Szegedy also predicts that at some point, AI models will be better at formalizing proofs than humans, which doesn’t seem out of reach given the fast pace of development in 2025. Soon, he thinks, the models will be able to create a proof from scratch. “And then, the game is over.” He doesn’t think humans will be out of the game; he means that the essential role of the mathematician will be purely creative, relying on an AI collaborator to work out the details.
DARPA’s Shafto, who leads the expMath project, sees the changes as giving mathematicians more time and space to think about ideas rather than details. “If you talk to mathematicians, of course, yes, they prove things and want them to be correct, but that’s not what they’re doing most of the time,” he says. “They’re talking about ideas and how they relate and what might work. Many of them would be happy to have a student or collaborator whom they could trust to sort of prove their tiny lemmas for them.”
Others in the field, though, eye the coming AI wave with skepticism and concern for the future. “Many of my colleagues have absolutely no interest in it,” says mathematician Aravind Asok at the University of Southern California in Los Angeles.

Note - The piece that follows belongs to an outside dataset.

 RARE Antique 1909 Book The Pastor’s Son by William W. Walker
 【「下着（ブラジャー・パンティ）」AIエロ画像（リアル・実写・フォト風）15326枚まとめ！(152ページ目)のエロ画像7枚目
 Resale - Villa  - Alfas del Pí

In recent years, Asok says, AI companies have recast mathematical accomplishment as a tool of legitimization. Math itself, he says, becomes a problem to be solved. He finds that notion misguided and “a complete misapprehension of what mathematics is.” The insistences that math can be solved by the abilities of AI models, or that the primary goal is accuracy, require a narrow view of the field.
But it’s a view that has already infiltrated his classroom: Asok says he no longer assigns homework because too many of his graduate students use AI to generate answers. That defeats the purpose. “They need to struggle and engage with [the work] in a way to really build up their own intuitions,” he says. But it’s much faster to ask ChatGPT.
Asok worries that conversations around AI and math focus too closely on correctness. That’s important, he says, “but making mistakes is part of learning.” There have been plenty of mistakes, he adds, that have helped the field of research mathematics move forward.
Formalization is a powerful tool that could help push math in interesting directions, but Asok worries that if students learn math as something to be done with AI, then tomorrow’s mathematicians will lack the creativity needed to find truly new frontiers. “It’s like saying that there’s only one way to have music, or only one way to talk in a conversation,” he says.
Asok also worries that AI may be a threat to the profession because of how progress is perceived. Mathematicians often rely on federal funding, he says, and if the U.S. government adopts the narrative that math itself has been solved by AI companies, support for new work and new ideas could wane. The teaching of math, he says, might be offloaded to AI agents and programs. “I feel like the professional status of mathematicians could change immensely.”
Buzzard maintains that, with or without AI, formalization can help bring math and math education into a modern age. Mathematicians would benefit from an interactive theorem prover with access to verified mathematical information not only to check their work, but also as a proving ground for new AI-generated work, in part to separate sloppy code from bona fide advances.
“I just want to make my colleagues’ lives better,” Buzzard says. “I’m not trying to destroy them. I’m actually trying to help them.”